Tesla and SpaceX CEO Elon Musk has repeatedly warned that rapidly advancing artificial intelligence could give rise to self-replicating machines that might threaten humanity. Health Ranger Mike Adams, the founding editor of Natural News, has similarly cautioned that once AI technology develops into highly evolved, self-aware, systems, the human race has a big Terminator problem on its hands. Further developments in miniature-drone technology (rather than a supercharged cyborg with big arms and legs) as depicted in “Slaughterbots” could make the situation even more ominous. (Related: Read more about artificial intelligence at Robotics.news.)
Musk was one of about 100 robotics experts who signed an open letter in August recommending that the U.N. prohibit the use of AI weaponry.
University of California, Berkeley computer science professor Stuart Russell appears at the end of a short film called “Slaughterbots,” offering his take on the new wave of AI technology.
The film, which was produced by the Campaign to Stop Killer Robots, shows a dramatization of the risks to ordinary citizens posed by mini-drones operating with minimal human supervision. The production was screened at a recent international conference in Geneva, Switzerland, that considered whether to formally ban AI-powered autonomous weapons. The unsettling fictionalized footage starts off with a Silicon Valley-style tech product launch and ends with a swarm of palm-sized drones, equipped with explosives and facial recognition capabilities, hunting down and killing college students with shots to the head as they attempt to flee a classroom in Edinburgh, Scotland.
Dr. Russell provides the epilogue to the film, the Mirror of London noted, in which he acknowledges that while AI technology can provide enormous benefits to the world, there’s a catch.
Allowing machines to choose to kill humans will be devastating to our security and freedom — thousands of my fellow researchers agree. We have an opportunity to prevent the future you just saw, but the window to act is closing fast.

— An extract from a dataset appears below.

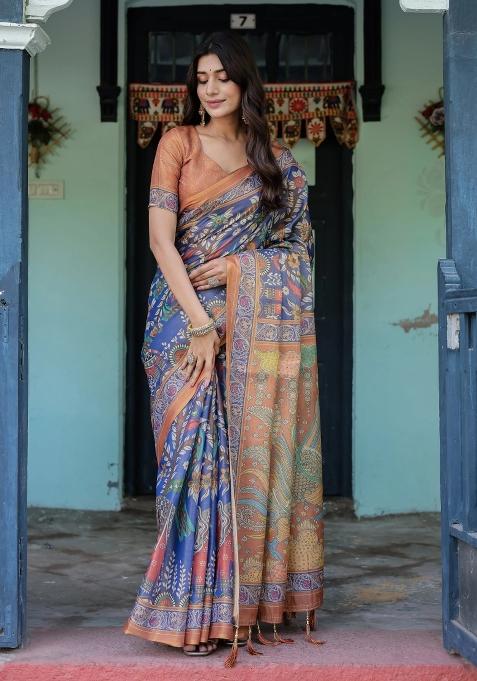 Blue Printed Cotton Saree Set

The Human Rights Watch website implies that the Geneva meeting was a missed opportunity to address the killer robot threat. Instead, diplomats apparently decided to kick the can down the road, which politicians tend to do on many issues, with more talks scheduled for next year.

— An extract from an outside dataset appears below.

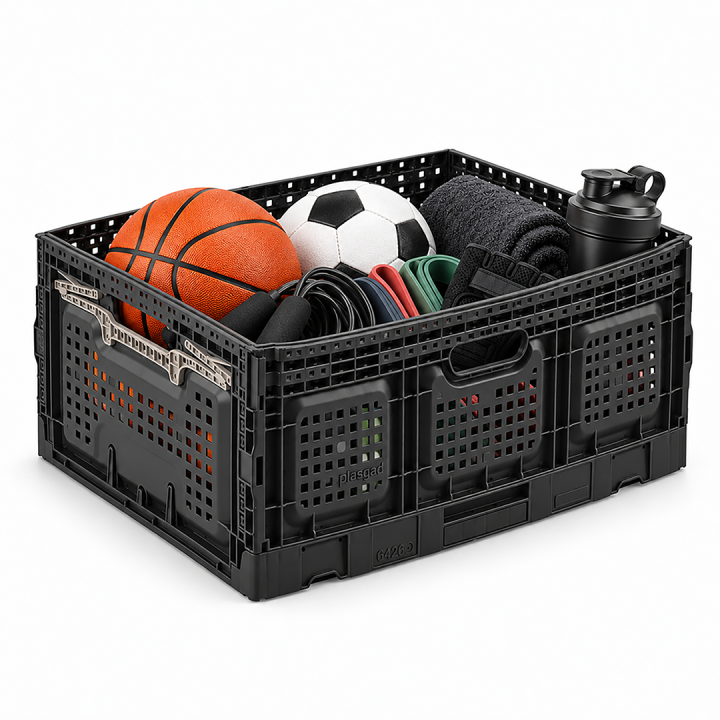 Lot de bacs de rangement pliables en plastique noir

Said an official with Human Rights Watch:
A critical mass of states want to start negotiating new international law to prevent the development of killer robots, but this forum looks unlikely to deliver any time soon. Bold action is needed before technology races ahead and it’s too late to preemptively ban weapons systems that would make life and death decisions on the battlefield.
Although AI technology has gained currency in military applications, the scenario could become even more dire should autonomous drones (i.e., those operating independent of human oversight) fall into the wrong hands and be deployed in terrorist attacks or aggression by rogue regimes.